Ni la Religión ni la concertada son los grandes problemas de la Educación en España, asolada por otros mucho más graves que se esconden con debates ideológicos inútiles y crispados.
Lo único que la política no cambia nunca en la educación en España es su carácter agitador y los efectos negativos de todo ello: pese a ser uno de los países que más esfuerzo económico hizo hasta la crisis, con ella y sin ella seguimos apareciendo muy mal clasificados en los ránking de la OCDE que miden la calidad educativa de los países más avanzados del mundo.
El nuevo Ejecutivo pretende ahora darle otra vuelta de tuerca al asunto en la que, por enésima vez, pesa más lo ideológico que lo pedagógico: sin menospreciar un debate razonable sobre el encaje de la Religión en el programa lectivo ni sobre la recreación de una asignatura relativa a los valores cívicos; considerar que esas son las mayores prioridades en este ámbito es una confesión de incapacidad para afrontar el auténtico problema de la Educación en España.
una manera también de esconder esa renuncia en una trifulca ideológica que desatiende las responsabilidades más elementales del Ejecutivo y las sustituye por una bronca pública destinada a movilizar emociones en lugar de a estimular razones.
El abandono escolar, el fracaso educativo, la poco exigente selección de profesores, la debilidad de la FP, la degradación universitaria, las desigualdades autonómicas o la transformación de la educación en una herramienta políticapor parte del nacionalismo son problemas mucho más acuciantes que, sin embargo, nadie se atreve a abordar con la energía necesaria.
Al contrario, cada uno de esos problemas suele tramitarse con un catálogo de mantras que esconden su verdadera naturaleza y los idealizan, convirtiendo incluso en anatema una discusión constructiva, a partir de los datos y los hechos y no de las creencias, sobre las profundas lagunas que exhiben.
La educación necesita un debate profundo y decente, no una riña ideológica y gremial constante que daña a los alumnos y a la sociedad
La OCDE y PISA han mostrado en incontables ocasiones cómo buena parte del esfuerzo económico del Estado en tan crucial materia se agota más en la estructura administrativa que en el usuario: se prioriza la cantidad de facultades sobre la calidad, por poner un ejemplo simbólico, disgregando un esfuerzo colectivo e impidiendo que la Universidad española cumpla el encargo que la sociedad le ha hecho. Algo que los rectores jamás reconocerán en público, pues supondría asumir la necesidad de cambiar por completo el modelo del que viven.
Desde las primeras etapas
Y lo mismo ocurre por abajo, con unos planes de estudio fragmentados, caprichosos y a menudo inútiles que subordinan el aprendizaje natural a la memorización y no enlazan, a menudo, ni con los hábitos ni con la estructura tecnológica con la que ya nacen y se forman las nuevas generaciones.

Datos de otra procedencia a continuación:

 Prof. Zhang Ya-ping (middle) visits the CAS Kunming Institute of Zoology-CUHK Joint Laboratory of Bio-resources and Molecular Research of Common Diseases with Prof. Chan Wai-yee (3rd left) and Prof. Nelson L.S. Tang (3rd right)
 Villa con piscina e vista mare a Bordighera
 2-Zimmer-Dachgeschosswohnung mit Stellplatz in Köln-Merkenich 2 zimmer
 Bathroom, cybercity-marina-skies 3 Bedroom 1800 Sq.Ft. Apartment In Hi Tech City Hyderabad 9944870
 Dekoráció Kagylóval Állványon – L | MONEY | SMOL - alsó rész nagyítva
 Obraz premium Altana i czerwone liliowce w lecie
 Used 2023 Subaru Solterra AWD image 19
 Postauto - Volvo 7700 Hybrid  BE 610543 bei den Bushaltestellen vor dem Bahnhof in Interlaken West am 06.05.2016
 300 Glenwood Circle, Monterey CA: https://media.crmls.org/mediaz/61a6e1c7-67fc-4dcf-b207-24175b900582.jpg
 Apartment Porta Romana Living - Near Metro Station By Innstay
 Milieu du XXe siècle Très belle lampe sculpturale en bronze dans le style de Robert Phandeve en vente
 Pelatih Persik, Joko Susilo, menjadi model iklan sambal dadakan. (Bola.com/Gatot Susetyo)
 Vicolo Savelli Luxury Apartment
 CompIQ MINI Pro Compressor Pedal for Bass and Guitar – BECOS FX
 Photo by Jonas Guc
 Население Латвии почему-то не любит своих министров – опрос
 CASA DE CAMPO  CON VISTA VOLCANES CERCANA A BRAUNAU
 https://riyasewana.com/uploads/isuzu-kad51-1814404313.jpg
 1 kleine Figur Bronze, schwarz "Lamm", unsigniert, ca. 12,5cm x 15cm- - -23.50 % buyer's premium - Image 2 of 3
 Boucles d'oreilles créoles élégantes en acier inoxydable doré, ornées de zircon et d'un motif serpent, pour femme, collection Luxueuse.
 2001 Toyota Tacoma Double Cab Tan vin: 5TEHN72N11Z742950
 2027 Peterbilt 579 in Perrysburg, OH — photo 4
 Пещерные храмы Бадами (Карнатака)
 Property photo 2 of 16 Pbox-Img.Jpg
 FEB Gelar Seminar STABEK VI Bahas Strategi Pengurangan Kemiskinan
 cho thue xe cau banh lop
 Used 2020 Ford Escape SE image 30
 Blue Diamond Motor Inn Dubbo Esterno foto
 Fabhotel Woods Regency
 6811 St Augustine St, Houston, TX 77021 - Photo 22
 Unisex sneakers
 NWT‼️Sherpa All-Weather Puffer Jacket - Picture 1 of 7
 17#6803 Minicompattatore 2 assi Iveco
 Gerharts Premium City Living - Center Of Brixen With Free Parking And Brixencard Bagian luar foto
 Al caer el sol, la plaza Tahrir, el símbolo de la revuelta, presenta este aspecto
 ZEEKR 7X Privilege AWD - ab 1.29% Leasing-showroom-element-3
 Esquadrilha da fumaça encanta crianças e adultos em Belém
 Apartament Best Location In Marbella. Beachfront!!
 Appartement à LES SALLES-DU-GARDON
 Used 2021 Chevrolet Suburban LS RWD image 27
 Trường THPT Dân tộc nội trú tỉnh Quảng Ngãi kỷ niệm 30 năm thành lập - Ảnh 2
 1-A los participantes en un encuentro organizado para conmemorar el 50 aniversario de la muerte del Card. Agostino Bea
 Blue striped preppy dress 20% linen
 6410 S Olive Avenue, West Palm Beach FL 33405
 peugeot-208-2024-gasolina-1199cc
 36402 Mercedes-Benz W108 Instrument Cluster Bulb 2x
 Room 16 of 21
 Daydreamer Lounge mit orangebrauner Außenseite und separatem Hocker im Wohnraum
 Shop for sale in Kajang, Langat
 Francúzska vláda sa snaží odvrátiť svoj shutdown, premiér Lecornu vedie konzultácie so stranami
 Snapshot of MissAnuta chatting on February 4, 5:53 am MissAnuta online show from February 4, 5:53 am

Si además el sistema de incorporación de profesores ha sido, durante décadas, muy desafortunado, la conclusión es obvia: la educación española no está a la altura de las necesidades del país, y ese debate no puede seguir enterrado en pugnas ideológicas ni consignas políticas ni conflictos gremiales que alejan las soluciones.
La nueva ministra de Educación, Isabel Celáa, ha de dar un paso al frente en ese sentido y asumir, con altura intelectual, la magnitud del reto, pues de él depende el futuro de España y las salidas de toda índole de nuestros jóvenes y niños. Y no es suscitando temas menores, por mucho impacto público que tengan, como se logra ese objetivo.
La concertada no es el problema
Tampoco alimentando la falsa polémica entre la escuela pública y la concertada, pues ésta coexiste y compite en todos los países civilizados con la anterior, haciendo que ambas convivan y compitan en favor de la ciudadanía. Pero si se hace, que se haga con rigor: asumir desde el Estado el servicio que brinda ese modelo educativo tendría un impacto económico en las arcas públicas que, simplemente, es ahora mismo inasumible.
Que pese a ello se lance la especie sólo demuestra la renuncia a abordar la cuestión de fondo y el empeño, una vez, en aplazar una misión que debería estar a la cabeza de las inquietudes del Gobierno. De éste y de cualquiera.